I owe my critical friend a debt. Because she sent me waaaay back into the archives, more than 40 years ago, to explore the roots of my journalistic principles, forged in the era of Watergate—when I concluded “objectivity” was a chimera.
Here’s the wrap-up paper for my 1976 class with then-University of Illinois Journalism Department head Jay Jensen (highlights added here in the 21st Century):
The Nixon administration accused the news media of coloring the news. … That criticism, however, was off the mark. If the media were guilty of anything, it was not so much “coloring the news” as refusing to mention even that any colors existed. …
Objectivity is a myth. … The journalist who best serves his audience is one who interviews as many persons as possible, listens to and reads as much as he can, organizing it all coherently. Just as important, though, is that he make clear his own biases and judgments. Only after knowing where the journalist is “coming from” can the audience decide where it will go on the basis of his story. …

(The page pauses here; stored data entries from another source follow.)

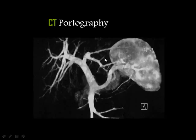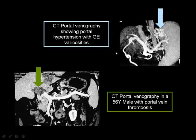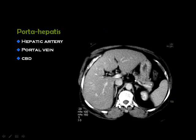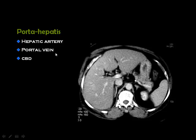CT portography demonstrates the portal vein, portal radicals inside the liver, splenic vein, and superior mesenteric vein, allowing easy diagnosis of abnormalities in the portal system. For example, in a cirrhotic patient with markedly enlarged spleen, you can see dilated tortuous vessels at the lower esophageal region representing esophageal varices, and a large thrombus inside the portal vein. At the porta hepatis, you can see fat and the portal vein; the hepatic artery is only visible in the arterial phase, and the common bile duct is only visible if dilated.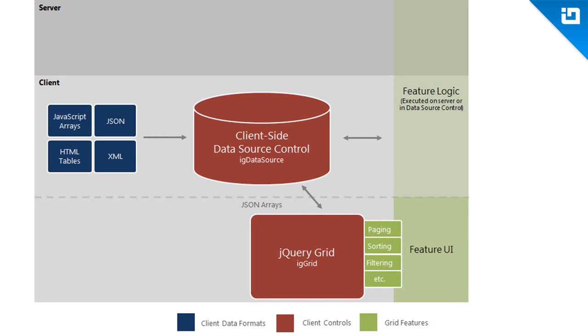Input for the data source can come in many forms. When the data is from a local origin, the input boils down to either arrays, JSON objects which includes JSON arrays, HTML elements—and this says tables but controls like the tree can also use unordered lists and other elements like that—and XML data.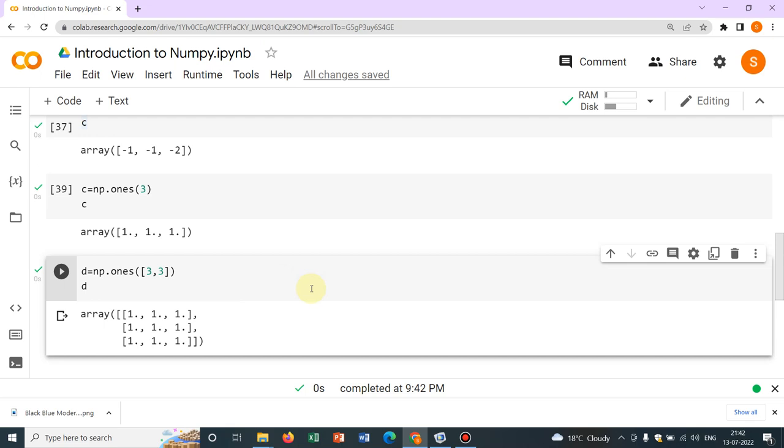So in this video, we have just covered how to define arrays. In the next video, we will show you few more operations with NumPy. All right. So today, we stop here.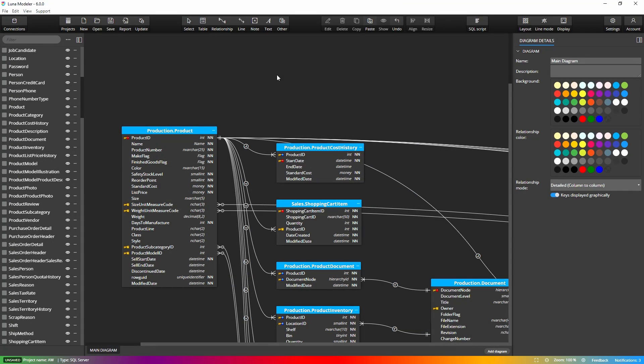In the professional edition of Luna Modeler, you can work with multiple sub diagrams. A sub diagram is an additional diagram in a project on which you can visualize only a part of your database structure. So what is the difference between the main diagram and other sub diagrams?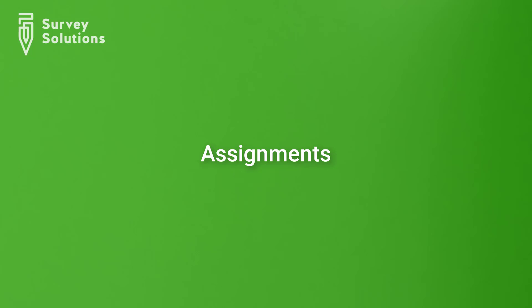In this video, we explain how to use assignments in Survey Solutions.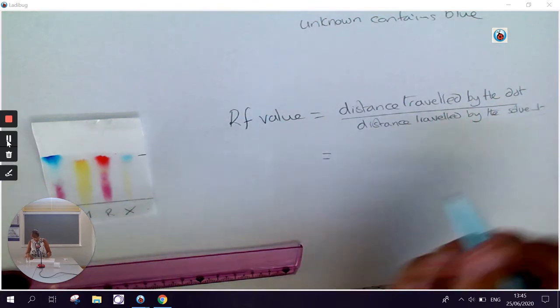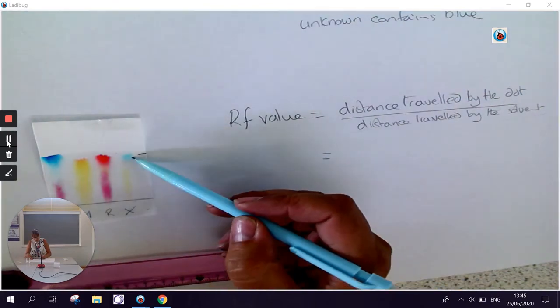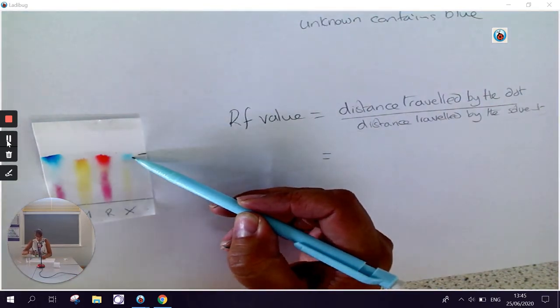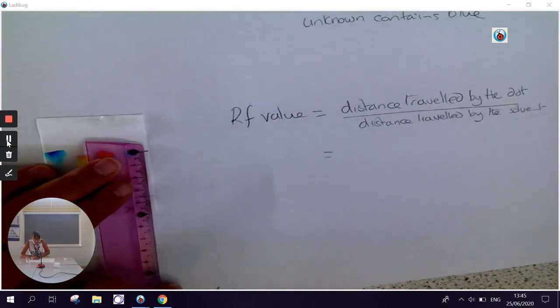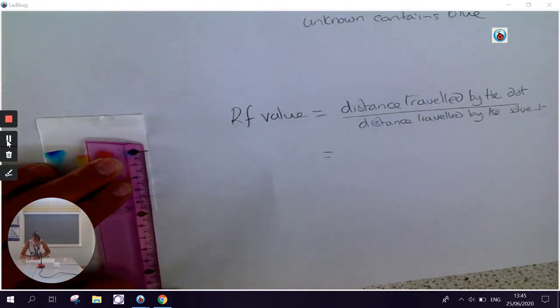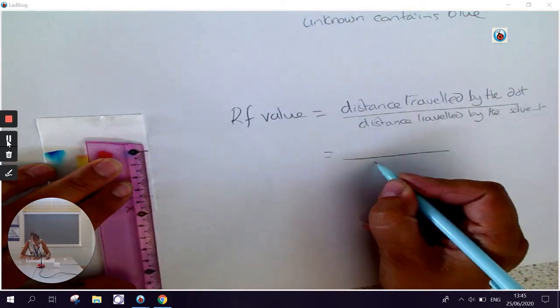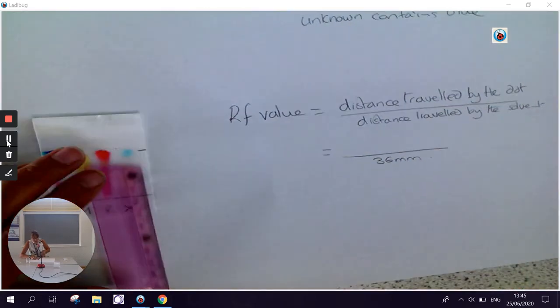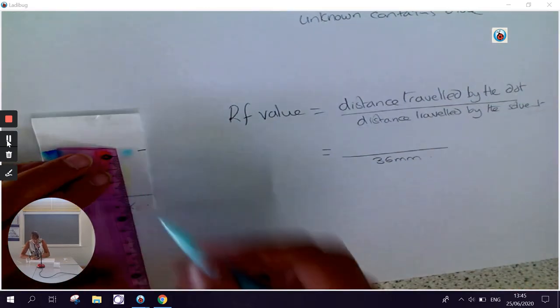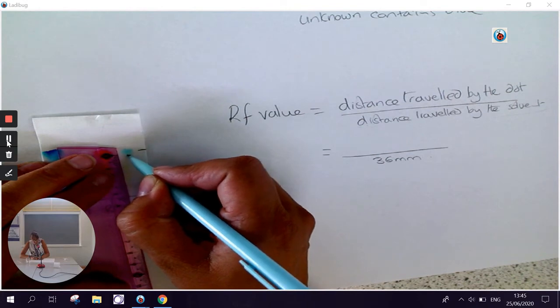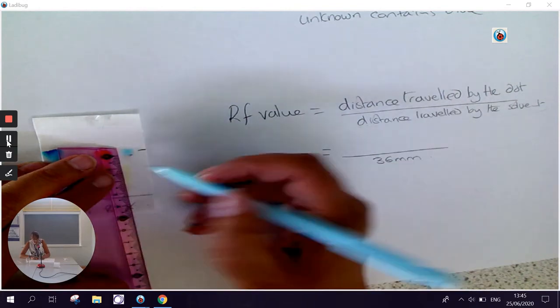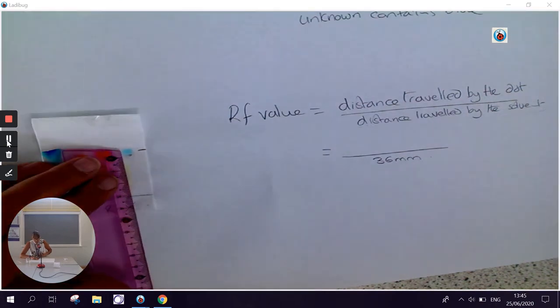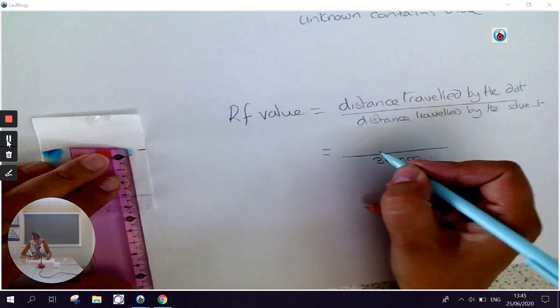I'm going to take this blue dot and work out the RF value of that. So using my ruler, I can see that the solvent front has travelled 36 millimetres. And then I will take the bottom of the dot. And it doesn't matter whether you take the bottom, the middle or the top, as long as whenever you're comparing, you use the same place. And for this one, that has travelled 32 millimetres.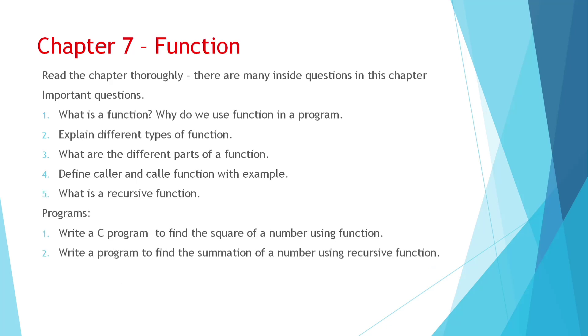Next, function chapter. Here also there are too many questions inside. You can go through. Like what is function? What is an argument? What is parameters? What is void function? There are too many questions. You have to read the chapter thoroughly. Then only you can answer the short questions from here. And for long questions you can see this. What is a function? Why do we use function in a program? Explain different types of function. What are different parts of function? Define caller and called function. And what is recursive function? All you can see. I hope definitely you will get some common question from here.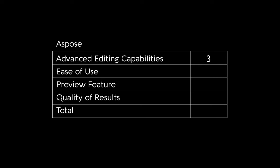Aspose scores a 3 for advanced editing capabilities, a 3 for ease of use, and a 4 for preview feature.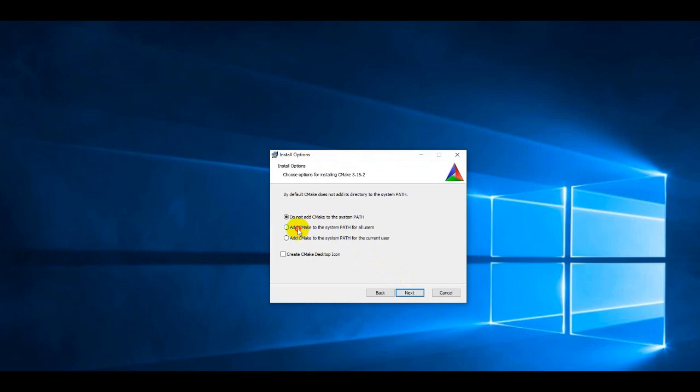While installing CMake, you must select adding the path to the program in the system environment.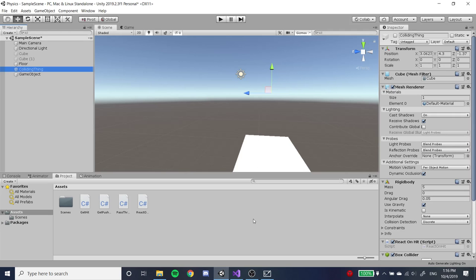Alright, hey, thanks for coming to this week's lesson meeting for the Game Dev Club. Today we'll be teaching you about physics, starting from colliders and rigid bodies, and eventually moving on to raycasts, which will help improve the interactivity of your game.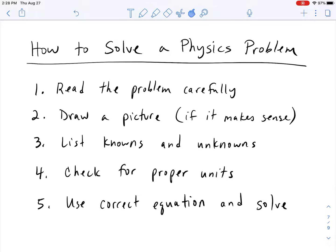Once you've drawn your picture, the next step is to list your knowns and your unknowns. So what did the problem tell you? What values and what units did they give you, and what are they asking for? By organizing what you know and what you don't know, this is going to help set you up to pick the right equation and therefore get the answer that you want.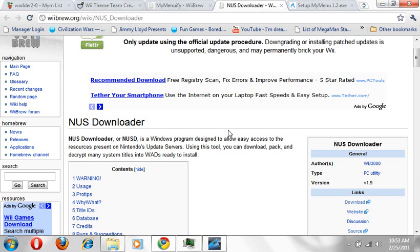Next thing you need to get is the NUS downloader. For this whole process you are going to need internet access of course. So basically download this and I'll get into this in a second.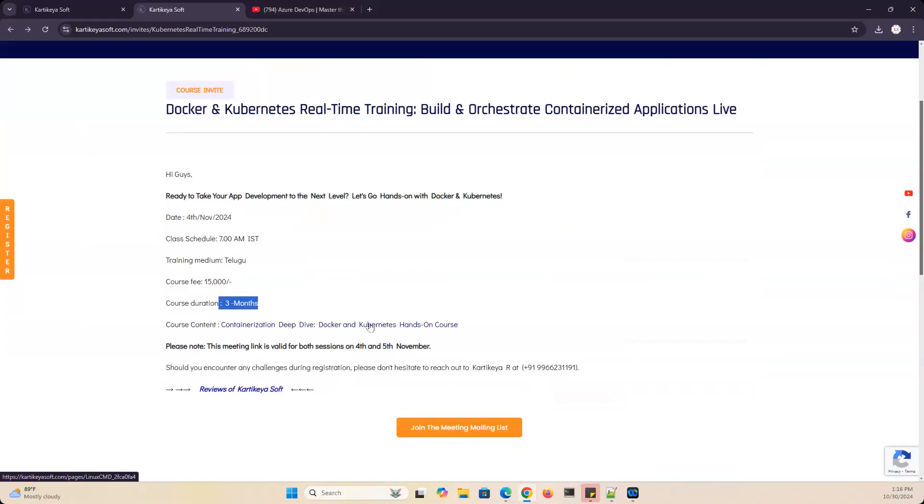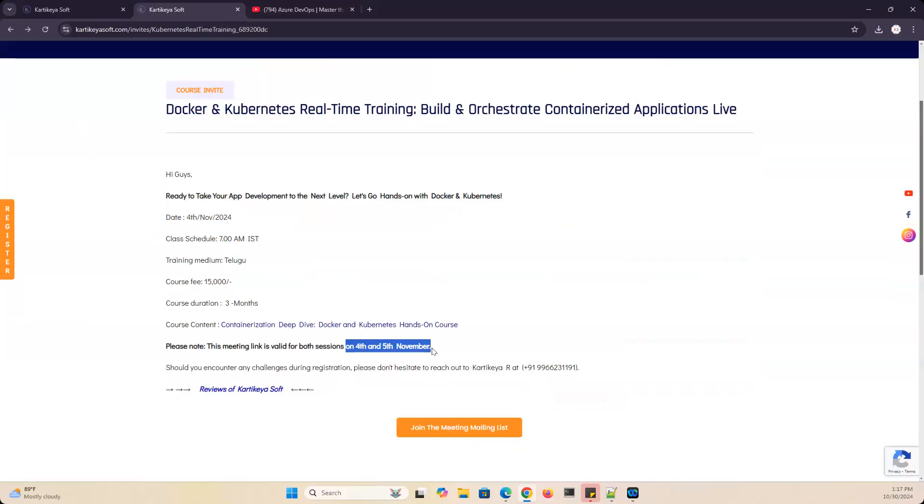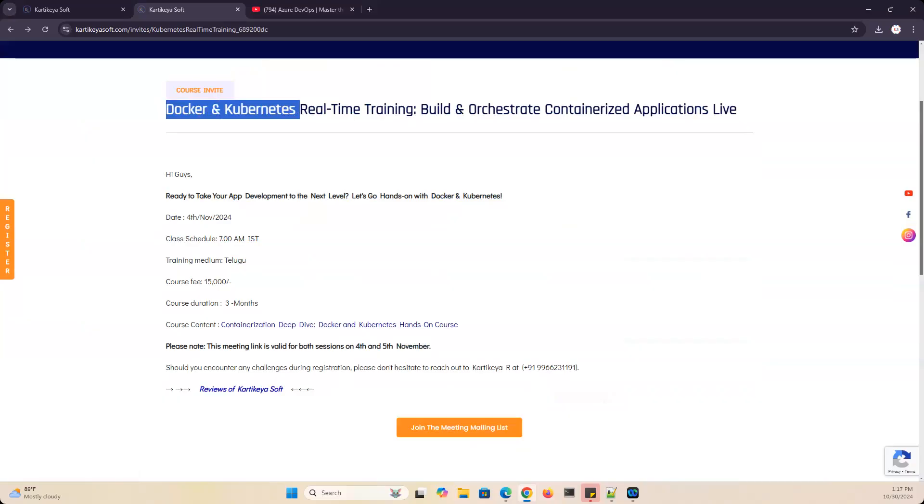This class starts November 4th and 5th. Whether you are fresh and starting an internship program, or working for 5, 6, 7, or 10 years and want to change your domain to Docker and Kubernetes, you will benefit from this hands-on experience. Start considering these classes.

Surely, the nation faces the greater threat not from this bunch of reporters brandishing studied biases up front but from those who carry the concealed weapons of half-truth, deception and lies.
If that last sentence brings to mind a “fair and balanced” cable TV channel that was to launch 20 years later, you’re not alone.
The criticism that journalists aren’t “objective” is as old as—older than—Watergate. And as Will Oremus noted Jan. 12 in Slate: “Traditional media outlets’ intense desire to be perceived as sober and objective [was] … a business imperative that has been transmuted into an ethical injunction.”
Here’s my July 1976 review of the book All the President’s Men—a reminder that what’s old is new:
Criticism leveled at the media by the Nixon administration cast journalists as the villains. … But the best part of All the President’s Men is that it’s removed most of the dirt dumped on the Fourth Estate during the Nixon years. Journalism schools are overcrowded, journalists are celebrities and aspiring reporters all over the country are asking questions, eyes peeled for future abuses of power.
Optimist that I am, I expect that aspect of history to repeat itself, too.
Meanwhile, to all who believe my cynicism toward government and political leaders and my willingness to discuss it openly is something new—something that somehow compromises my reputation as a responsible journalist—please know I’m still right where I was in 1976.